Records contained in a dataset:
++++

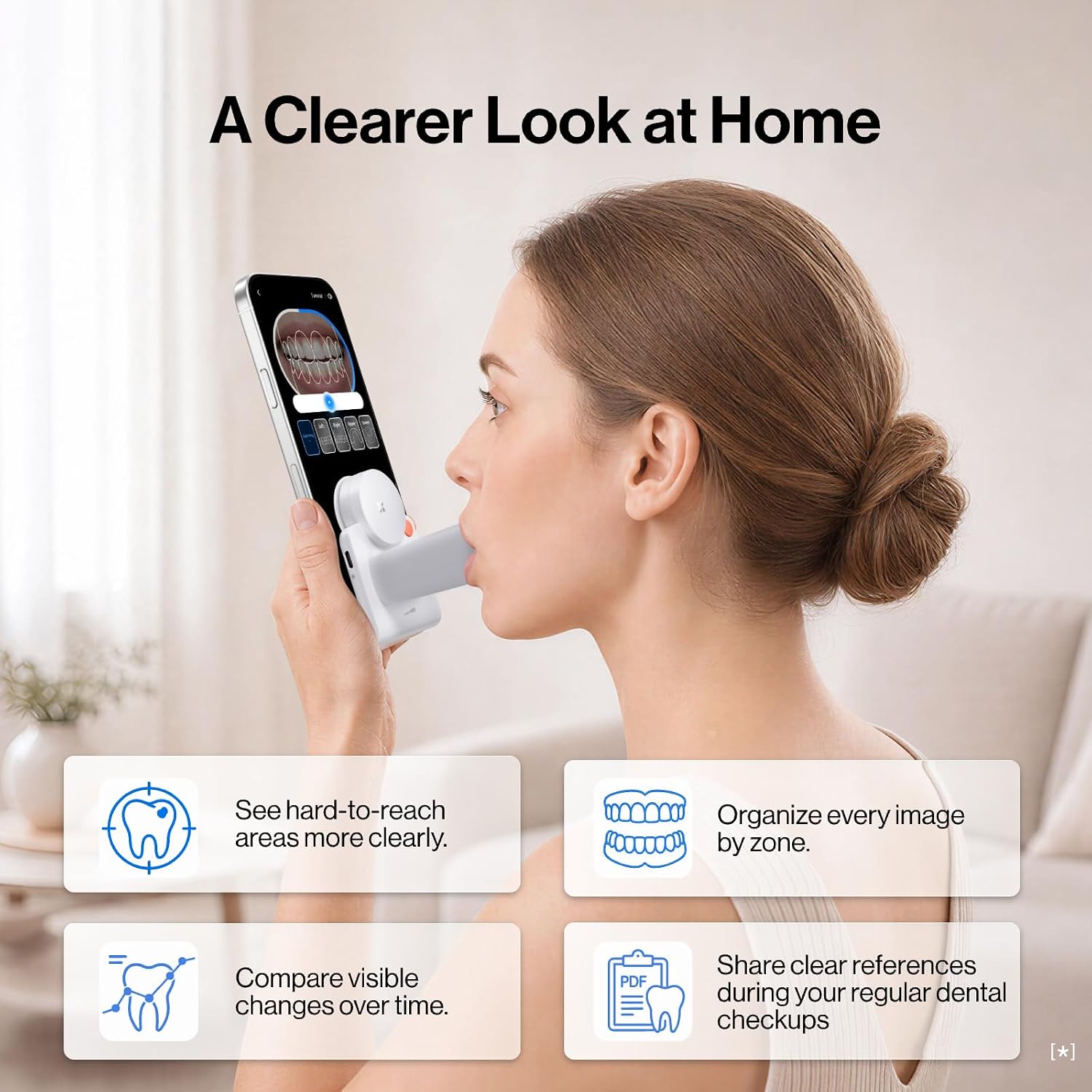 usmile D-lite OralCam Oral Camera for Home, 90-Day Battery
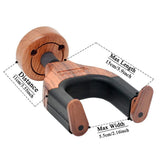 Wall-Mounted Guitar Hanger with Auto-Lock Hook and Solid Wood Base – Guitar Storage and Display Stand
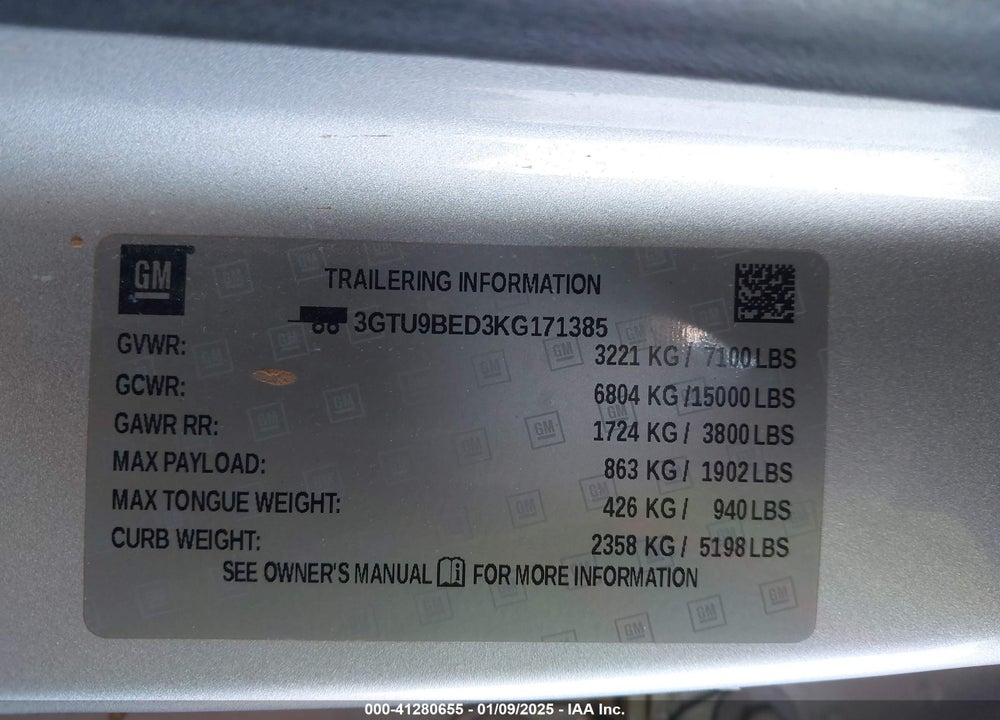 2019 GMC SIERRA VIN: 3GTU9BED3KG171385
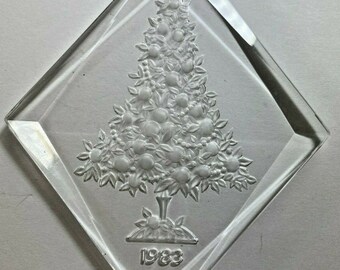 Vintage Christmas Ornament, Lars Svenson, 1983, Acrylic, Christmas Tree, Diamond Shaped, 3 7/8" x 3 1/8", Mint Condition inches
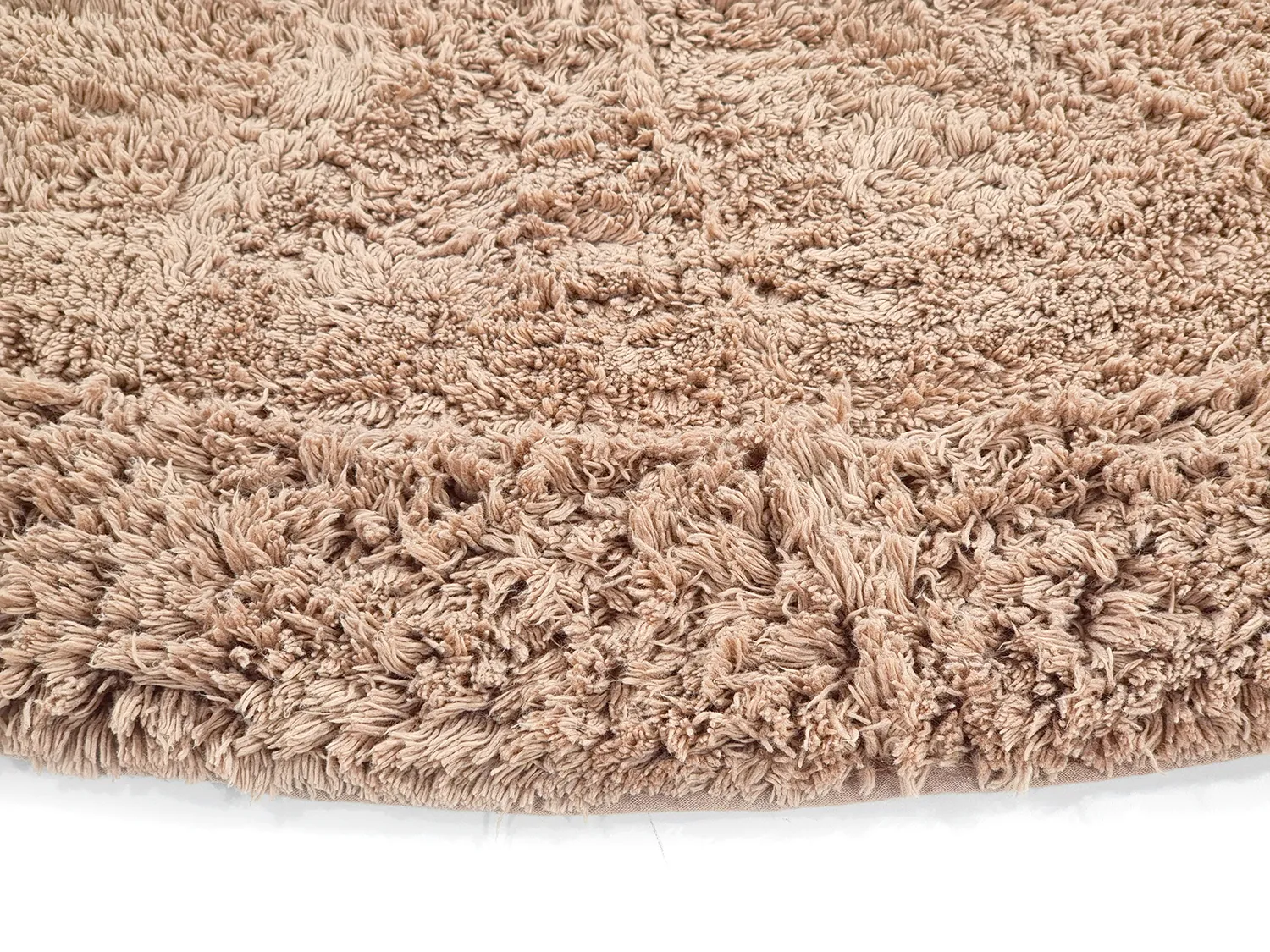 Okrągły dywan - Ebba Natural Cotton Shaggy (brązowy)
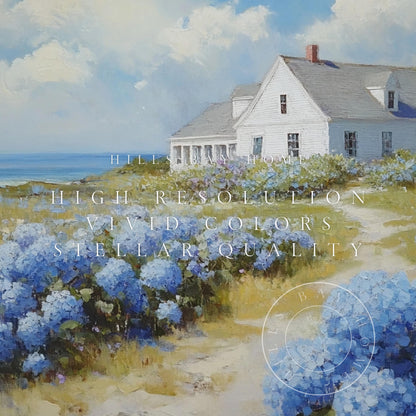 Cape Cod Frame Tv Art, Digital Download Art for Frame Tv, Spring Tv Art, Floral Tv Art, Oil Painting Frame Tv Art, Blue Hydrangea Art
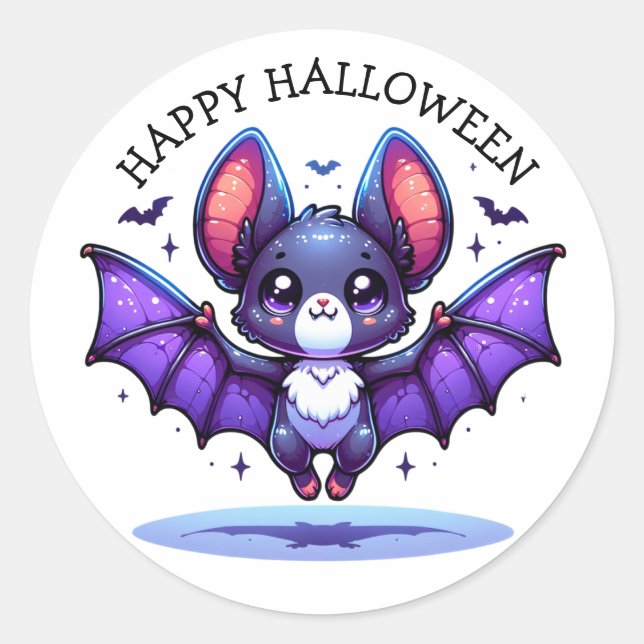 Pegatina Redonda Cute Chibi Personalizado Bat Halloween (Anverso)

++++

Your assignment. Copy out all the data above exactly, pictures excluded.

Problem solution.
 usmile D-lite OralCam Oral Camera for Home, 90-Day Battery
 Wall-Mounted Guitar Hanger with Auto-Lock Hook and Solid Wood Base – Guitar Storage and Display Stand
 2019 GMC SIERRA VIN: 3GTU9BED3KG171385
 Vintage Christmas Ornament, Lars Svenson, 1983, Acrylic, Christmas Tree, Diamond Shaped, 3 7/8" x 3 1/8", Mint Condition inches
 Okrągły dywan - Ebba Natural Cotton Shaggy (brązowy)
 Cape Cod Frame Tv Art, Digital Download Art for Frame Tv, Spring Tv Art, Floral Tv Art, Oil Painting Frame Tv Art, Blue Hydrangea Art
 Pegatina Redonda Cute Chibi Personalizado Bat Halloween (Anverso)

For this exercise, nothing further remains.